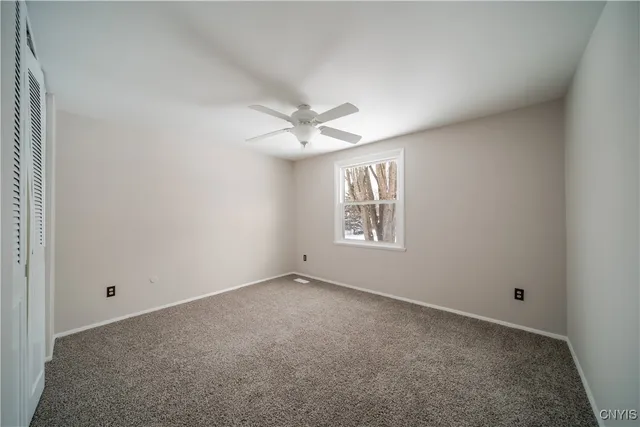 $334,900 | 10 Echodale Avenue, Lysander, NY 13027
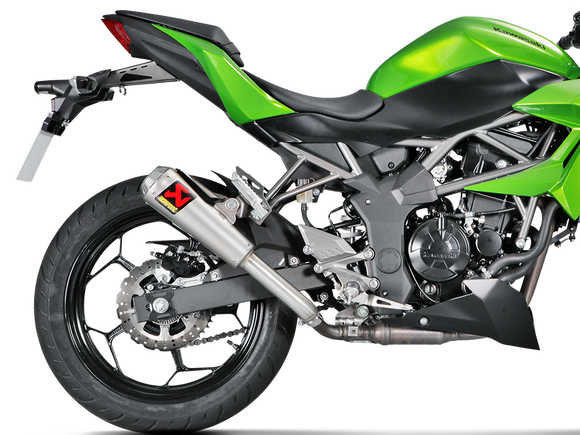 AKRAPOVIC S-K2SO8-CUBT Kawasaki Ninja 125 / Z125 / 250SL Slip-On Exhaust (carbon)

---------------

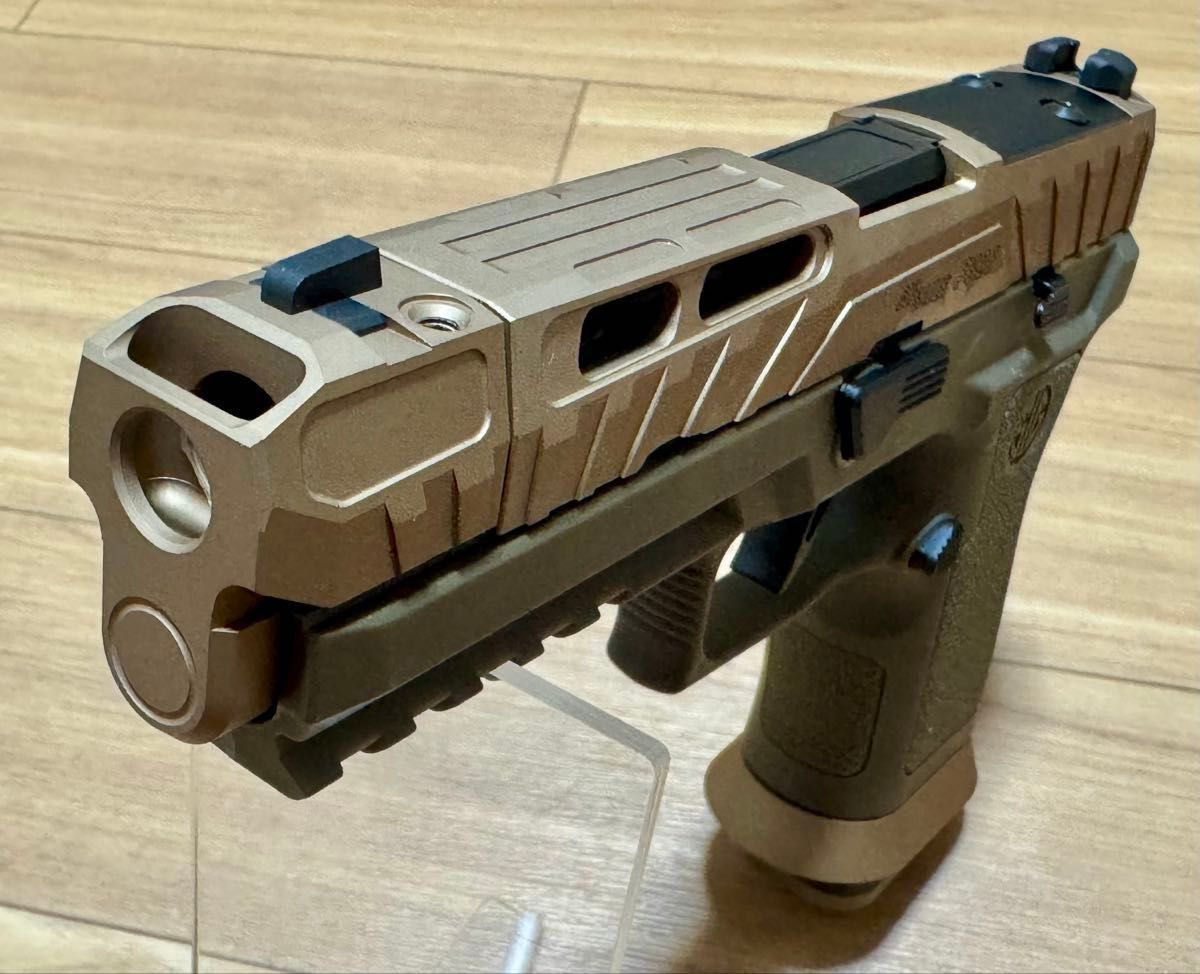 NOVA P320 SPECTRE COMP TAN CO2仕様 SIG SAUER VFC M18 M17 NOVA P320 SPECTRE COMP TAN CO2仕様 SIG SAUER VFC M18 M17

---------------

◆ **Task details**:
Within the material above, find the part that opens with the line containing "Lysander, NY 13027" and closes with the line containing "AKRAPOVIC S-K2SO8-CUBT Kawasaki", and reproduce it exactly without the pictures.

◆ **Task answer**:
 $334,900 | 10 Echodale Avenue, Lysander, NY 13027
 AKRAPOVIC S-K2SO8-CUBT Kawasaki Ninja 125 / Z125 / 250SL Slip-On Exhaust (carbon)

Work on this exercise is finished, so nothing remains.